People are like that too. We are each made for a specific purpose. Sometimes the purpose eludes us for some or most of our lives. Imagine how comforting it would be to say, “I know that I am here for a specific purpose,” and to really know what that purpose was and be walking in it. How wonderful would that be? I can remember when I was unemployed and beginning to get discouraged that I was never going to find a full-time job that would meet my financial obligations and draw upon my strengths. Out of the blue I received a phone call from a friend of a friend who encouraged me to have faith that I was fully equipped with exactly what I needed to do the job I had recently applied for. “Everything’s going to be okay, you’ll see.” she promised me. And it was. A few months after she’d called me I took a position for which I was quite well suited. More than once in the months that followed I often felt a sense of “rightness” in what I was doing that let me know that I was fulfilling the purpose for which I had been uniquely made.

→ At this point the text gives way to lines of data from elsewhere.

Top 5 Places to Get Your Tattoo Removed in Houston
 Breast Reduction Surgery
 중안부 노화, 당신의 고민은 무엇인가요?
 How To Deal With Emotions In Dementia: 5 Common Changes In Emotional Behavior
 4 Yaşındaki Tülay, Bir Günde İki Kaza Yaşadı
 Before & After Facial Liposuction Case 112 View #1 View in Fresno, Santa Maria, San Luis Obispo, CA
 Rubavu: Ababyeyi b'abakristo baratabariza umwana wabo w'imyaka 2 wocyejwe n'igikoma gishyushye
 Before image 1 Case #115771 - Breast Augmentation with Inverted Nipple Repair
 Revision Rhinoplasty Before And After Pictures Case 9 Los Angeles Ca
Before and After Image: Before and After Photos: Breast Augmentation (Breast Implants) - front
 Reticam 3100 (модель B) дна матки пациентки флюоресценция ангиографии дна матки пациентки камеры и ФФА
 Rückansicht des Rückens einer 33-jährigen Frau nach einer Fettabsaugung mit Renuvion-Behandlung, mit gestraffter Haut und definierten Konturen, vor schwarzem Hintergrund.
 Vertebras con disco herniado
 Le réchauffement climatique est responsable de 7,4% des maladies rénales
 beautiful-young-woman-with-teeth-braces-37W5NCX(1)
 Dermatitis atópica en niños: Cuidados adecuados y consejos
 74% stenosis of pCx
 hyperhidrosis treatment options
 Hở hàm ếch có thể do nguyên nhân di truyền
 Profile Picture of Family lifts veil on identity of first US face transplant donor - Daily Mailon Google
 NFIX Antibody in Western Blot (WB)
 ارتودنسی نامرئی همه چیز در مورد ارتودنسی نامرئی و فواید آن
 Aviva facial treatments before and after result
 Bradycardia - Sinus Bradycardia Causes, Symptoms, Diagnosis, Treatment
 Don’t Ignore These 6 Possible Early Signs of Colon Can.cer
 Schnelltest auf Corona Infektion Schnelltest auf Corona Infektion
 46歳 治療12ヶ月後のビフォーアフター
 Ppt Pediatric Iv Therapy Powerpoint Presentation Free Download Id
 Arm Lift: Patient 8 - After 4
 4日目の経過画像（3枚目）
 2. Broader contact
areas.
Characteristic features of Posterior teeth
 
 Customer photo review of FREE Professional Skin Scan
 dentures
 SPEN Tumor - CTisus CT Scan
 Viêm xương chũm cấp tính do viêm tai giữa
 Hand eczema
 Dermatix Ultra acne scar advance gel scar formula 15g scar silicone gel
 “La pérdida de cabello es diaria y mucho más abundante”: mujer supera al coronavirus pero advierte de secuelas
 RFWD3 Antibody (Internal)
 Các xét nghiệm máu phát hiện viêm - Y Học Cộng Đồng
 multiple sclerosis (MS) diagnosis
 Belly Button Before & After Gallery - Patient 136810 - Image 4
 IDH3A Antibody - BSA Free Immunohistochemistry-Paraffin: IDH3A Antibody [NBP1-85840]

I’ve written before about my belief that we each fulfill a unique purpose in the world (see Day 285, written in April, 2012.) It goes deeper than any single “job” we might hold at a given time in our lives and goes to the heart of who we are and why we’re on the planet at this time. I believe there are those fortunate individuals whose life’s work and life purpose overlap and align perfectly, but for many of us that alignment doesn’t happen right away. We may flounder for years to find the place where, as Frederick Buechner says, “your deep gladness and the world’s deep hunger meet.” But if we’re fortunate we find ourselves in the place just right where all those things converge. I have experienced flashes of that over my lifetime, and the more I come to understand my deeper purpose, the more I believe I will be drawn to the work that needs exactly what I have, what I bring to what I do.
“To find out what one is fitted to do and to secure the opportunity to do it is the key to happiness,” wrote educator John Dewey back in the early 1920s. I am grateful to be in a process of clarifying and refining what I am best “fitted” to do and having opportunities to perhaps do the work for which I am well-suited. May it continue to be so as I walk in the power of that awareness. May it be so for us all.